橋本 麦∿Baku Hashimoto

授業むずい

イデオロギーありきで行動が伴うというより、説明のつかない感情や体質がまず先にあって、その辻褄合わせに都合のいいイデオロギーを武装するのはよくあることだ。

「理性はお気持ちの奴隷」とは言ったもので、自分を理性的だと考える賢い人ほど、湧きあがる情念に理屈をつけるプロセスを意識することなくこなせてしまうために、その因果関係を逆に捉えてしまう罠が潜んでいる気がする。

極端な例だけど、というかある知人が自認してた例だけど、ポリアモリーだから不倫をするのではなく、不倫がしたいからポリアモリーを名乗る とか(そうではない方も多数いらっしゃるのも承知してますが)。自分の場合は「つくり方をつくる」という信念があるから毎度手法やツールから作るんでなしに、どういう訳かそういうつくり方をしないとひどく不機嫌になる体質がまず先にあって、それを自己正当化するために歪な制作哲学をでっち上げてたパターン。最近だと、既成ツールの設計はあまりに抽象度が低いので、ツール開発から始めるしかないとかいって、本当のところはHoudiniで手打ち音ハメモーションを作るのが色んな意味で大変なので、やらなきゃいけない制作を先延ばしにしている。これを自分で認めるのはなかなかにつらい。

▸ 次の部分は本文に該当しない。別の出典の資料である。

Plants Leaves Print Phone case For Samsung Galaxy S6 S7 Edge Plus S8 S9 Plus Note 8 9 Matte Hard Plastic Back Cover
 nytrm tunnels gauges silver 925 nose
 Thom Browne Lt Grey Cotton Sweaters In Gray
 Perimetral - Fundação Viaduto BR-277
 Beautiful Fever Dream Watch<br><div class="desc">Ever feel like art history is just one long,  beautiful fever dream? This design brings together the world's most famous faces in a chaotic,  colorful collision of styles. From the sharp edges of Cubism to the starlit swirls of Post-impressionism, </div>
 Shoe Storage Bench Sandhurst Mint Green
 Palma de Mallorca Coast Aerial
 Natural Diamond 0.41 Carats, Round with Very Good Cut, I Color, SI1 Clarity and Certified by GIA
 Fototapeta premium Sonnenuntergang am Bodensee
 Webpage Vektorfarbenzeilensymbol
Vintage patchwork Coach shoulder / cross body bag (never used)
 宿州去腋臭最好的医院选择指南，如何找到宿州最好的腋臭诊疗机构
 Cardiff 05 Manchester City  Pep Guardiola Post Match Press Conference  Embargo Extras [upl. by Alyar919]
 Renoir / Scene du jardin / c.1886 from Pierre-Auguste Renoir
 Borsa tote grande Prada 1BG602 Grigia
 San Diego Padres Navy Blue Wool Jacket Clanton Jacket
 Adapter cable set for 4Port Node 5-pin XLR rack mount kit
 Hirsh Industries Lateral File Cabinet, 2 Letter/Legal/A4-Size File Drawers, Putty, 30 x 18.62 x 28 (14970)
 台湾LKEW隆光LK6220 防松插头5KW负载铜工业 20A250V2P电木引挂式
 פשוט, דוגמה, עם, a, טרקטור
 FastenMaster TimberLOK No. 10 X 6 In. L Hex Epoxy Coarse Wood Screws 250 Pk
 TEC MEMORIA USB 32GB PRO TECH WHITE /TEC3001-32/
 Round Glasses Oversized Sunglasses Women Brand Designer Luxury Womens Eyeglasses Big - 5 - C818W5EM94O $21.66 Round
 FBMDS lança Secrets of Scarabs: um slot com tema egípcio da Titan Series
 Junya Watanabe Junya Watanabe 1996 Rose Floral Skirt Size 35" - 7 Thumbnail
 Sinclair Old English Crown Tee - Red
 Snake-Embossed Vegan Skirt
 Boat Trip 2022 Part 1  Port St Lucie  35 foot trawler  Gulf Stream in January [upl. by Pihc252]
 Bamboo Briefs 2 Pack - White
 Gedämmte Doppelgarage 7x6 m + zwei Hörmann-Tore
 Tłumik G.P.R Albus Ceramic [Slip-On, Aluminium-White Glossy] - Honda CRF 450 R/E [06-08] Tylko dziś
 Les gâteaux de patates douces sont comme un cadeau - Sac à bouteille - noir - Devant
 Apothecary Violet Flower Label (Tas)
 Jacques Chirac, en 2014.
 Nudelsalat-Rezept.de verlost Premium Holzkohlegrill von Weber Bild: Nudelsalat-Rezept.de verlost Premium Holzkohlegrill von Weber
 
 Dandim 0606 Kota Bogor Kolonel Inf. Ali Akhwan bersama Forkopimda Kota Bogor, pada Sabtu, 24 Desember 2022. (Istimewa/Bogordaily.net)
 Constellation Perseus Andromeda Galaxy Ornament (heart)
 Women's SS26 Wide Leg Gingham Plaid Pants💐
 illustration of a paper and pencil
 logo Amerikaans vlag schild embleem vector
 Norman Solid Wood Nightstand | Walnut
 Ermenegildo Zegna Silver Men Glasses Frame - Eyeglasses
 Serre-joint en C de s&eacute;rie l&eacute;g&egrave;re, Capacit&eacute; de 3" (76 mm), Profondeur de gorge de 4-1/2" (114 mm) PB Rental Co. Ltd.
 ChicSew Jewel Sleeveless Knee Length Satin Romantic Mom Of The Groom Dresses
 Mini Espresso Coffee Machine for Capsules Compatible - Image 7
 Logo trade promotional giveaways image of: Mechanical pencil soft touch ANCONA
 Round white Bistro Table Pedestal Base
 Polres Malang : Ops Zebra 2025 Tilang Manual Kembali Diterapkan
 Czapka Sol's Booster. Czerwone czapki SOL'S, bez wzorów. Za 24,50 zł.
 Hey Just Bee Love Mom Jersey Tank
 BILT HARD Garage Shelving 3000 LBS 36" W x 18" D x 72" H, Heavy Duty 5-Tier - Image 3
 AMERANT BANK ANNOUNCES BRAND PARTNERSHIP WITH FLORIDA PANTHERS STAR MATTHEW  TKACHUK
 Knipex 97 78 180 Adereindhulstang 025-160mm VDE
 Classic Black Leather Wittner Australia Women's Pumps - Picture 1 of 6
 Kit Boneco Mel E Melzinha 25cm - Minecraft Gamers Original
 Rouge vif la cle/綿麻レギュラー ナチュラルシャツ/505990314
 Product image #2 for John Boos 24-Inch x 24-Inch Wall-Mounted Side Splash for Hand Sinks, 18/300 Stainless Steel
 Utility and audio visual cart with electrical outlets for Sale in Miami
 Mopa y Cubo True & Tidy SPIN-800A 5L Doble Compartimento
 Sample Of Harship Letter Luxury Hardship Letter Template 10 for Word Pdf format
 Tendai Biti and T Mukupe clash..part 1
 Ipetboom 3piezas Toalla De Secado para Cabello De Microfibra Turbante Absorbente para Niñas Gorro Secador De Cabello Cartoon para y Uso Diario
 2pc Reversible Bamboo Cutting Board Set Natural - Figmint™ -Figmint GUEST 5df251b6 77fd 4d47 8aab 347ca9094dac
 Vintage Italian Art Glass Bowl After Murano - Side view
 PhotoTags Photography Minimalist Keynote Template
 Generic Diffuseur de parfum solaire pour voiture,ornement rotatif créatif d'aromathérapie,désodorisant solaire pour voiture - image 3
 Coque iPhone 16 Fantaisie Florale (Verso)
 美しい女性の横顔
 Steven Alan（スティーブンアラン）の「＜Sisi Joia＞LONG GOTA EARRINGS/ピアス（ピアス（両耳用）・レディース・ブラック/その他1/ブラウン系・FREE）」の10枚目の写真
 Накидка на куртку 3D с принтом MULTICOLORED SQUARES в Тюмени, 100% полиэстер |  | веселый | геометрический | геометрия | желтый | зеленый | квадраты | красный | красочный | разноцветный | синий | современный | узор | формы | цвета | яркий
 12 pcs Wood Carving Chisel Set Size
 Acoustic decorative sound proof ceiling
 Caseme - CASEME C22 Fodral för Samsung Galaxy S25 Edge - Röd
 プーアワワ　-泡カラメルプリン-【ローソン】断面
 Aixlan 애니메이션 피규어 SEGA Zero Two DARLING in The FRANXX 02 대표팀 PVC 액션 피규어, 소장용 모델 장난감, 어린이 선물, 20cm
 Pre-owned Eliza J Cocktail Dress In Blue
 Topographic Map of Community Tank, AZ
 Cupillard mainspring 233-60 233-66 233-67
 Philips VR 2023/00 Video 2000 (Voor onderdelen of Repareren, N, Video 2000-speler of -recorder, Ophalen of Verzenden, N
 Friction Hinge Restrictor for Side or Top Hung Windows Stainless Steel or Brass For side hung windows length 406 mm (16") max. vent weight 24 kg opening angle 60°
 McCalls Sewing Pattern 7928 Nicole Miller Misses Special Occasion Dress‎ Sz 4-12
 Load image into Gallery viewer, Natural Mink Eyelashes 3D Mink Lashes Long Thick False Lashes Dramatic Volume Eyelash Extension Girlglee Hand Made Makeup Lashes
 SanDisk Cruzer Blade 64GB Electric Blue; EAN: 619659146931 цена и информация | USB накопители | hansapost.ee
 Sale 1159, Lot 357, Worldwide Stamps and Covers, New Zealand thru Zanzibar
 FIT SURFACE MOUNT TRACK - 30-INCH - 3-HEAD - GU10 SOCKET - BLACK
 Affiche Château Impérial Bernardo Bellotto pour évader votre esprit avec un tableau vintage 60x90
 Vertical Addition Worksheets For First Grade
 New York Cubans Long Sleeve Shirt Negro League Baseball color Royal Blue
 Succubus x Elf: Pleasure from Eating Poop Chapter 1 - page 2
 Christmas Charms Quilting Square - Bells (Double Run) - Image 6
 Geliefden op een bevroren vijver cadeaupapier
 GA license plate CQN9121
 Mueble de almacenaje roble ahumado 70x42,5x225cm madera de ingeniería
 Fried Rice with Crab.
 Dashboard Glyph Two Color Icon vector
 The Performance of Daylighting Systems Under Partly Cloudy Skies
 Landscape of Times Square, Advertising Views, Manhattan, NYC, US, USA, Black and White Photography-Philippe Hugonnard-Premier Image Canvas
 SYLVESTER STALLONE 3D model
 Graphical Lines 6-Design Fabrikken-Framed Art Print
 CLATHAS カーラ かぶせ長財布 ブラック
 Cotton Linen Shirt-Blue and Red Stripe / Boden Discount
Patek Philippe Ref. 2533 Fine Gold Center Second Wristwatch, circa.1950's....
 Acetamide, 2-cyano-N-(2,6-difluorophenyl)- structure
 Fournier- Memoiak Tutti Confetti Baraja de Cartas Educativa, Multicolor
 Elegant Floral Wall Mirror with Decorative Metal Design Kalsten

このアプローチは広告仕事においては全く機能してなかったのがむしろ幸いだったのかもしれない。いや、スジ自体は悪くはないのだろうけど、折り合いをつける下手くそさや計画性の無さも込みで毎回スベリ倒してたわけで、べき論として声高に主張出来るほど自分の主義主張に自信を持てなかった。年末に伊藤ガビンさんが女子美で受け持っている授業でお話する機会があって、明日はrobamotoさんの授業のゲストなんだけど、もしそこで「ツールの使い勝手について深く考えない奴らは結局Adobeの掌の上で踊らされてるクリシェ製造職人だ」とかラディカル過ぎることをほざいたら事故になったに違いない。とかいって2016年のFITC Tokyoでは、その辺かなり強めのシャウトをしてたような気もする。


数年前に尊敬する菅俊一さんに僕の活動について書いて頂いたことがあって、とても嬉しかった。ただ、最後の下り

本来、何かを表現するというのは、その方法や道具自体も含めて考えるべきだと思います。ですから、今後はツールや作り方から開発するという流れになってくるのではないでしょうか。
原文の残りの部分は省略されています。